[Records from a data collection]
..........
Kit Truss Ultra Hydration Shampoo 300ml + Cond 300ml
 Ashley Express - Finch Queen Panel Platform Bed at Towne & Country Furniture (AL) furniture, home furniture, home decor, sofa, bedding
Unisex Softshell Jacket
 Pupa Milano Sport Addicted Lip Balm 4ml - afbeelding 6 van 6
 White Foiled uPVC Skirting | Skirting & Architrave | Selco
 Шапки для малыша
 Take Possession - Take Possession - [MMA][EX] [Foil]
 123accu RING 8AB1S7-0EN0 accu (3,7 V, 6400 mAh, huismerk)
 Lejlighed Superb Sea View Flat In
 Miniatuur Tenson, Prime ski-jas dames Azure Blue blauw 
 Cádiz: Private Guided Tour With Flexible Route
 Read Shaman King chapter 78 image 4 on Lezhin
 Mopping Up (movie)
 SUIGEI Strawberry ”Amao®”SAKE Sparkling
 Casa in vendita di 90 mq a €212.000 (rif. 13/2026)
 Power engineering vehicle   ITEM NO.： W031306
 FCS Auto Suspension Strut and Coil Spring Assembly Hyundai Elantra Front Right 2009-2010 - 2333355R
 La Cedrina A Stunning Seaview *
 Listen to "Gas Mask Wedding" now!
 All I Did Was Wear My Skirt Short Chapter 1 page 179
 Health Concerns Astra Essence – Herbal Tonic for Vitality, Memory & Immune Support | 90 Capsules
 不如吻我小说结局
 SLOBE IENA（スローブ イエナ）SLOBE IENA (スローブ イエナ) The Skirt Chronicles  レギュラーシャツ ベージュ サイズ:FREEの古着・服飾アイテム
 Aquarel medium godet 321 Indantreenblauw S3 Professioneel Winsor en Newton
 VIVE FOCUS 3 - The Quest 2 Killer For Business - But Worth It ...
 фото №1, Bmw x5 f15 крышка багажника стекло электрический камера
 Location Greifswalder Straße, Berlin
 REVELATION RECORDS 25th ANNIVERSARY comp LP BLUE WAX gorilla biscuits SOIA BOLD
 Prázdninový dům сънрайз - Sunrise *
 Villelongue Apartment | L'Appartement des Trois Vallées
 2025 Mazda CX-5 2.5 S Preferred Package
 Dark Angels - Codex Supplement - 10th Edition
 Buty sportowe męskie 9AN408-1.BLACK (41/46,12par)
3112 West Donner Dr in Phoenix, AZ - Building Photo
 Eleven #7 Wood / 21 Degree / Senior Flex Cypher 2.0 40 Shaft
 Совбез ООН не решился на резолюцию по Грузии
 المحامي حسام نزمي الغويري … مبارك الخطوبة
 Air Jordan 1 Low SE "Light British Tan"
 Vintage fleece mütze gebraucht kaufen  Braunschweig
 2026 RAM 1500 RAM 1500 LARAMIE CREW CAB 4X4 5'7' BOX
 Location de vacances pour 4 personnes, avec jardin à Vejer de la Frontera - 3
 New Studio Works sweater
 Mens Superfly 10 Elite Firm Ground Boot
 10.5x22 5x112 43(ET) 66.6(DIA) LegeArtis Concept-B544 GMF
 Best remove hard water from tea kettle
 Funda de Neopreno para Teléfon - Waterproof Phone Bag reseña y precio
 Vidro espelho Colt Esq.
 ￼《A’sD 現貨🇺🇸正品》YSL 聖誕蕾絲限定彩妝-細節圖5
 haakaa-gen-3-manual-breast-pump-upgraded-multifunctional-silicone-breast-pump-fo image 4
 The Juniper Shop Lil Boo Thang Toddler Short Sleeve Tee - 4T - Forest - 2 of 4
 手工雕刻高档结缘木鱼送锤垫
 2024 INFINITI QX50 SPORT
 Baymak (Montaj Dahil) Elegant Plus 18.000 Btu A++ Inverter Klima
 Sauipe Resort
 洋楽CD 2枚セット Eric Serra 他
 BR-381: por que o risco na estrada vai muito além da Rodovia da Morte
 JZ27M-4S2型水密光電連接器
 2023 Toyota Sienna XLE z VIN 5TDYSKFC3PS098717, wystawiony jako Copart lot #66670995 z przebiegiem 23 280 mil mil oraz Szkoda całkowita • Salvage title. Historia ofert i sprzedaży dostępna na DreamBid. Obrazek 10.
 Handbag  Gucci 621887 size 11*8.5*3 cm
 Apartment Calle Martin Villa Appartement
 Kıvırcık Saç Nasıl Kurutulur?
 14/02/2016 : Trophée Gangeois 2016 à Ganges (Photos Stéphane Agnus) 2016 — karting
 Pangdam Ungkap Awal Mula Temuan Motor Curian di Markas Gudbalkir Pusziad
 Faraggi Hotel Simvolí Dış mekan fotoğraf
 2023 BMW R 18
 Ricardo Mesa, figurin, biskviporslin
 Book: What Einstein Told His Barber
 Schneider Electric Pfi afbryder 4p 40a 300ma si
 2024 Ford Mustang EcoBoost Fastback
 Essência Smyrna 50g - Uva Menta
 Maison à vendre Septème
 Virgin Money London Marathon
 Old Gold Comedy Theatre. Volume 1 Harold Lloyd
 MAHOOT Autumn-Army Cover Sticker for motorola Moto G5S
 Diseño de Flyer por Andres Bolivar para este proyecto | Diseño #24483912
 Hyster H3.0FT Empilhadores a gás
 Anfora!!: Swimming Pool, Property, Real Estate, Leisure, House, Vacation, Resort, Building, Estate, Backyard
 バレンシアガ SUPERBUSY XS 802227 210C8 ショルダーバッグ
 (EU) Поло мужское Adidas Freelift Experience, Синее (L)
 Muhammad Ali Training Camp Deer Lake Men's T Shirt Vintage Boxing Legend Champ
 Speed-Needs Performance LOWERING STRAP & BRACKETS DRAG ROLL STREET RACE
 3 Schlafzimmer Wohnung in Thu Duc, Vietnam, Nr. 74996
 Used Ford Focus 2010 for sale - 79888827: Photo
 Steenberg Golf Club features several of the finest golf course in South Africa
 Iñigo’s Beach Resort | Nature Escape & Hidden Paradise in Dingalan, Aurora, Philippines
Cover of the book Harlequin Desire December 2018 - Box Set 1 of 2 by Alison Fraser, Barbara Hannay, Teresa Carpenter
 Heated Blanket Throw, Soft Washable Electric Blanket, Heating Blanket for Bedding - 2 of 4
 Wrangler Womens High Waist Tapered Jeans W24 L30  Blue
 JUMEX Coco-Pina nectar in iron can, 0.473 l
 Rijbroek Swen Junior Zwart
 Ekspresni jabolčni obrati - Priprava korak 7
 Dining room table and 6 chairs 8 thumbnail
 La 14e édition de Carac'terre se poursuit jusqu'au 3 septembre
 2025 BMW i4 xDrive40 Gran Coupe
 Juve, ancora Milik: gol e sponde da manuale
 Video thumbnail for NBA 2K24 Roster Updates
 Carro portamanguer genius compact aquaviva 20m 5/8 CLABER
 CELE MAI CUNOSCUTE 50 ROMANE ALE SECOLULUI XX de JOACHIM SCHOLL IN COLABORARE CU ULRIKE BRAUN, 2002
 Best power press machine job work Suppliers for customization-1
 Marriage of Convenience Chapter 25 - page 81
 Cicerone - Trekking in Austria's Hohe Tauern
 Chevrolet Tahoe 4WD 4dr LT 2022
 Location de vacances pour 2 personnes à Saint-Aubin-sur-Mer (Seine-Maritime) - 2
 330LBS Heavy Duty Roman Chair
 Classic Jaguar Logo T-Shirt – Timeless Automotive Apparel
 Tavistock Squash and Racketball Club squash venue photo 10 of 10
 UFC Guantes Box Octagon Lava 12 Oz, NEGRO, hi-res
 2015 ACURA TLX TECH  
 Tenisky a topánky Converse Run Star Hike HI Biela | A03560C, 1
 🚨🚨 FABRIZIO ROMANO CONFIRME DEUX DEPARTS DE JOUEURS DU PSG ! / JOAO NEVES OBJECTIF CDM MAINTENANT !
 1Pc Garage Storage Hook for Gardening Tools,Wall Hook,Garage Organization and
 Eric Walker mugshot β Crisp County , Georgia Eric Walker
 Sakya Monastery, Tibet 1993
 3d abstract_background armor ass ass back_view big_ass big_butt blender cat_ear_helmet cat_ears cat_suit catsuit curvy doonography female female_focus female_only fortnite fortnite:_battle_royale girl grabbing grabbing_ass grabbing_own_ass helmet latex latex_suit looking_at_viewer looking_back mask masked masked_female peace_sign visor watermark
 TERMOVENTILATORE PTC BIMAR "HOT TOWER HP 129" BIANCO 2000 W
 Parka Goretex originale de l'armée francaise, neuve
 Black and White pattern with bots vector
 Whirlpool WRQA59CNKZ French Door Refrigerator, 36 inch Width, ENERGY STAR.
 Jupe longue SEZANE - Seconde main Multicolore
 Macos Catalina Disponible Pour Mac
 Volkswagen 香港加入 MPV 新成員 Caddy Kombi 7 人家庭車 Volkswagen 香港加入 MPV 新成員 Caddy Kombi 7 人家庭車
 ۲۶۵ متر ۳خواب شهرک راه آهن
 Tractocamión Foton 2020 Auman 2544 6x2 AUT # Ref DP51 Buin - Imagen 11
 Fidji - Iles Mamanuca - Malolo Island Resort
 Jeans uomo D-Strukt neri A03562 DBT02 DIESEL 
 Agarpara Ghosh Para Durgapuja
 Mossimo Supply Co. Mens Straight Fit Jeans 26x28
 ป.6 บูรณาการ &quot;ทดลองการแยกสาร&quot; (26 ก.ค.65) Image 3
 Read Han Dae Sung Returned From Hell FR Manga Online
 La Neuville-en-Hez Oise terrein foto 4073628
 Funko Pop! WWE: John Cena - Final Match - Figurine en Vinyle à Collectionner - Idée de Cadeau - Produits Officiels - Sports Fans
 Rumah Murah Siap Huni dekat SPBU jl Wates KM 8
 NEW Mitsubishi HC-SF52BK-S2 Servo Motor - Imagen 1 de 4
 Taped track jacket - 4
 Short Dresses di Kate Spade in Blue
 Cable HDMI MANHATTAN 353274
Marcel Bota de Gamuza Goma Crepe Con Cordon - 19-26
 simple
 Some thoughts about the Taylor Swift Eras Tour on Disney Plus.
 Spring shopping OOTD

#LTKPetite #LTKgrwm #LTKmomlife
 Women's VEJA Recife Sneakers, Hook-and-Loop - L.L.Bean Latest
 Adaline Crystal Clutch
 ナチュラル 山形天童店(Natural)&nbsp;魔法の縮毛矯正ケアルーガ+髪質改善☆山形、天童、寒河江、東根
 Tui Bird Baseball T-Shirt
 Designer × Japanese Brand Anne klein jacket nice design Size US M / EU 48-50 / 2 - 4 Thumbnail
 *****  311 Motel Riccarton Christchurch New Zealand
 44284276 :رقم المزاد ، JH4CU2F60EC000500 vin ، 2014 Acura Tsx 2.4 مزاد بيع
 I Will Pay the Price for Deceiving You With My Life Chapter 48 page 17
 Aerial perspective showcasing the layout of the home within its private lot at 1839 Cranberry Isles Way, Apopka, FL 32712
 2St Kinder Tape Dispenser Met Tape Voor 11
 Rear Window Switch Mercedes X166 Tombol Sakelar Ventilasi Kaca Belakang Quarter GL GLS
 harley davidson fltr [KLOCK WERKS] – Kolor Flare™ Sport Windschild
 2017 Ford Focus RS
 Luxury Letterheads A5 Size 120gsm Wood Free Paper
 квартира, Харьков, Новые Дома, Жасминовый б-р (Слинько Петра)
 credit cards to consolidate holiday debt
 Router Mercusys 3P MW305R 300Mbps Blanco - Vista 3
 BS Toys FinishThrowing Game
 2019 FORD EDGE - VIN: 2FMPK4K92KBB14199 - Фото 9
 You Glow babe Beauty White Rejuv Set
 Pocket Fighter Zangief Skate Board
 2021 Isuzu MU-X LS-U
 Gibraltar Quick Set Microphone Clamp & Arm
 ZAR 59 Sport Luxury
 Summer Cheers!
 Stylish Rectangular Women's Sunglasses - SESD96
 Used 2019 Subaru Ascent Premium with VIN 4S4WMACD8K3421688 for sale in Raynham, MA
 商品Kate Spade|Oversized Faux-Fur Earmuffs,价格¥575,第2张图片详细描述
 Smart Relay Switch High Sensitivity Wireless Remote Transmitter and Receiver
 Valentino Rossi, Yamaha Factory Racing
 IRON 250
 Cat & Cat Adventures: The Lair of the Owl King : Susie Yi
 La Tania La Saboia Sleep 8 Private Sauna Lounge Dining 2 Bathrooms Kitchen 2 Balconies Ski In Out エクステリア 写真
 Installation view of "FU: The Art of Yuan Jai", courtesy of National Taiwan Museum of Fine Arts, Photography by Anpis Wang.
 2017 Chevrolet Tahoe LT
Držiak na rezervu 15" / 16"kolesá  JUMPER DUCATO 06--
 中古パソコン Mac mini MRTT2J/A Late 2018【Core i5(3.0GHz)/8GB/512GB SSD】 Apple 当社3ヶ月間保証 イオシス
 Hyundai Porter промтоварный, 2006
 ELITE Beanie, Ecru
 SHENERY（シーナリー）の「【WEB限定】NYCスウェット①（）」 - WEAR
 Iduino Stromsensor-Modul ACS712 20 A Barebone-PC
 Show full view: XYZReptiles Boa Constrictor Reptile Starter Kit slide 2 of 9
..........
**Activity**
Would you repeat the lines from the one containing "Aerial perspective showcasing" through the end of the data, exactly, with nothing before or after them?

**Result**
 Aerial perspective showcasing the layout of the home within its private lot at 1839 Cranberry Isles Way, Apopka, FL 32712
 2St Kinder Tape Dispenser Met Tape Voor 11
 Rear Window Switch Mercedes X166 Tombol Sakelar Ventilasi Kaca Belakang Quarter GL GLS
 harley davidson fltr [KLOCK WERKS] – Kolor Flare™ Sport Windschild
 2017 Ford Focus RS
 Luxury Letterheads A5 Size 120gsm Wood Free Paper
 квартира, Харьков, Новые Дома, Жасминовый б-р (Слинько Петра)
 credit cards to consolidate holiday debt
 Router Mercusys 3P MW305R 300Mbps Blanco - Vista 3
 BS Toys FinishThrowing Game
 2019 FORD EDGE - VIN: 2FMPK4K92KBB14199 - Фото 9
 You Glow babe Beauty White Rejuv Set
 Pocket Fighter Zangief Skate Board
 2021 Isuzu MU-X LS-U
 Gibraltar Quick Set Microphone Clamp & Arm
 ZAR 59 Sport Luxury
 Summer Cheers!
 Stylish Rectangular Women's Sunglasses - SESD96
 Used 2019 Subaru Ascent Premium with VIN 4S4WMACD8K3421688 for sale in Raynham, MA
 商品Kate Spade|Oversized Faux-Fur Earmuffs,价格¥575,第2张图片详细描述
 Smart Relay Switch High Sensitivity Wireless Remote Transmitter and Receiver
 Valentino Rossi, Yamaha Factory Racing
 IRON 250
 Cat & Cat Adventures: The Lair of the Owl King : Susie Yi
 La Tania La Saboia Sleep 8 Private Sauna Lounge Dining 2 Bathrooms Kitchen 2 Balconies Ski In Out エクステリア 写真
 Installation view of "FU: The Art of Yuan Jai", courtesy of National Taiwan Museum of Fine Arts, Photography by Anpis Wang.
 2017 Chevrolet Tahoe LT
Držiak na rezervu 15" / 16"kolesá  JUMPER DUCATO 06--
 中古パソコン Mac mini MRTT2J/A Late 2018【Core i5(3.0GHz)/8GB/512GB SSD】 Apple 当社3ヶ月間保証 イオシス
 Hyundai Porter промтоварный, 2006
 ELITE Beanie, Ecru
 SHENERY（シーナリー）の「【WEB限定】NYCスウェット①（）」 - WEAR
 Iduino Stromsensor-Modul ACS712 20 A Barebone-PC
 Show full view: XYZReptiles Boa Constrictor Reptile Starter Kit slide 2 of 9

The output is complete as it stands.